Unabhängig von den sportlichen Belangen benötigt United dringend eine Modernisierung des Trainingsgeländes und des Heimspielstadions St. James’ Park. Trotz der angekündigten PIF-Bereitschaft für beide Projekte befinden sich diese schon seit vielen Monaten in der Warteschleife. Im Juli verlautbarte Eales zum Beispiel zur durchgeführten Machbarkeitsstudie für das Stadion, dass eine Mitteilung „unmittelbar“ bevorstehe. Doch bis jetzt ist unklar, ob der Klub eine Renovierung der ehrwürdigen Spielstätte oder einen Neubau an anderer Stelle bevorzugt. Die Kosten dafür dürften auch für die Saudi empfindlich sein. In letzter Zeit schien der PIF sein einst fulminantes Investment im Ausland deutlich herunterzufahren.

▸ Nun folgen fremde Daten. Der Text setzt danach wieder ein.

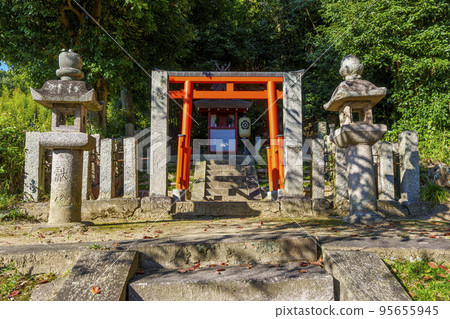 Mitsui Shrine (Ikaruga Town, Ikoma District, Nara Prefecture) 95655945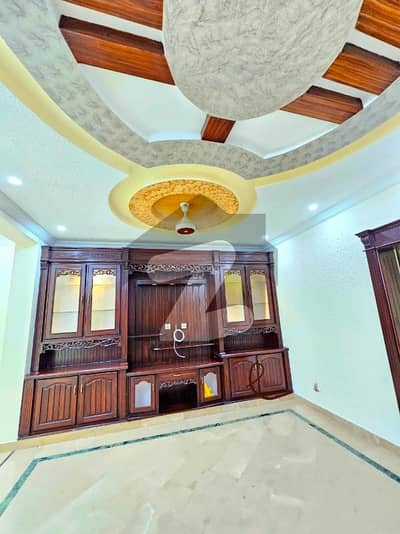 جی ۔ 13 اسلام آباد میں 2 کمروں کا 7 مرلہ زیریں پورشن 80.0 ہزار میں کرایہ پر دستیاب ہے۔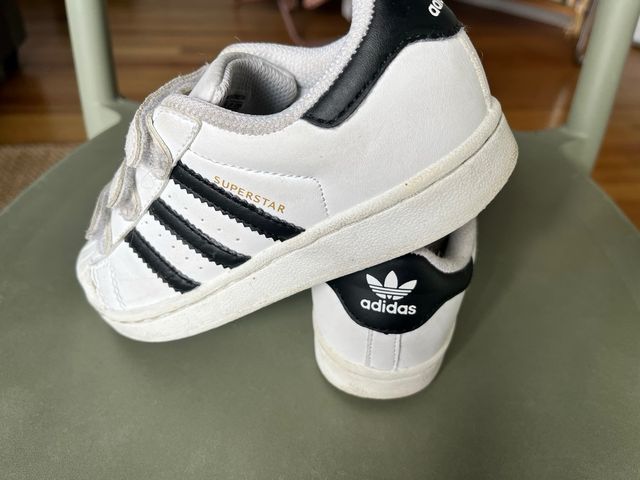 Zapatillas Adidas Superstar Niños Velcro Blancas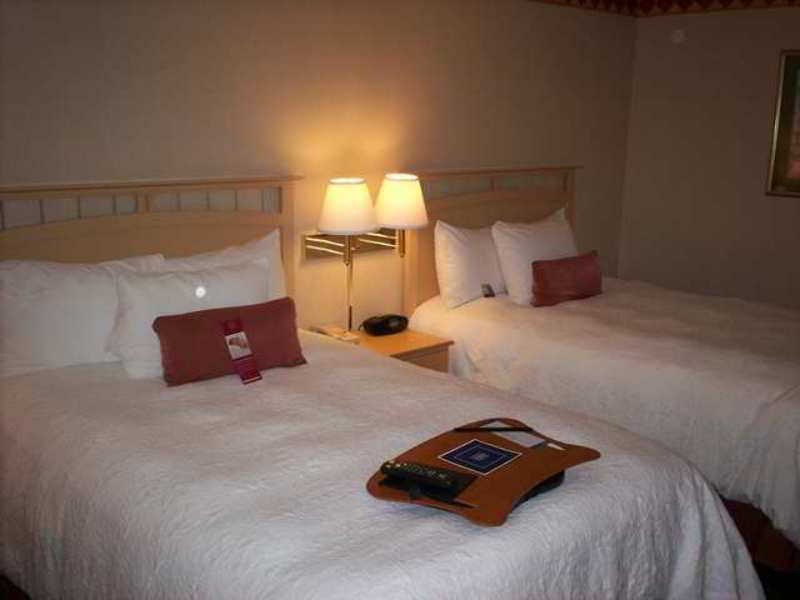 汉普顿酒店亚特兰大市中心/肯尼索 客房 照片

Saudi-Arabiens Fokus auf die WM 2034 und die damit verbundenen gewaltigen Infrastrukturmaßnahmen könnten sich für Newcastle United in Zukunft also abträglich erweisen – und zugleich wiederum förderlich. Soeben gaben die Saudis ihr Organisationskomitee für das Turnier bekannt. Mit vertreten im Gremium ist Newcastles Boss Yasir al-Rumayyan.